▶ _Assignment_
Nothing but the lines from the start of the entries through the line containing "Brembo Brake Drum 14.B579.10" should appear in the answer, each given exactly.
■ ■ ■ ■ ■
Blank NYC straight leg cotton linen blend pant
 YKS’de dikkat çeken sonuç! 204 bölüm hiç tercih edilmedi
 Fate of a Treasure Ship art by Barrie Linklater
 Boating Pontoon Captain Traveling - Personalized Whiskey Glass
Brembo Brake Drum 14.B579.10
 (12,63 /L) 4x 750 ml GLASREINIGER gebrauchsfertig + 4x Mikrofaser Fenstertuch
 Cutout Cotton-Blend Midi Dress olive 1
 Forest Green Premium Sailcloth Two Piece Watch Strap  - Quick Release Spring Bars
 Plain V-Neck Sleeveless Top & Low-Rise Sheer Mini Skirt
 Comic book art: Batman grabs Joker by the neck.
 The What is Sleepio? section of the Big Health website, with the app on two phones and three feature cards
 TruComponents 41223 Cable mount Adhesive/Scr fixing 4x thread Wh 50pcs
■ ■ ■ ■ ■
▶ _Answer section_
Blank NYC straight leg cotton linen blend pant
 YKS’de dikkat çeken sonuç! 204 bölüm hiç tercih edilmedi
 Fate of a Treasure Ship art by Barrie Linklater
 Boating Pontoon Captain Traveling - Personalized Whiskey Glass
Brembo Brake Drum 14.B579.10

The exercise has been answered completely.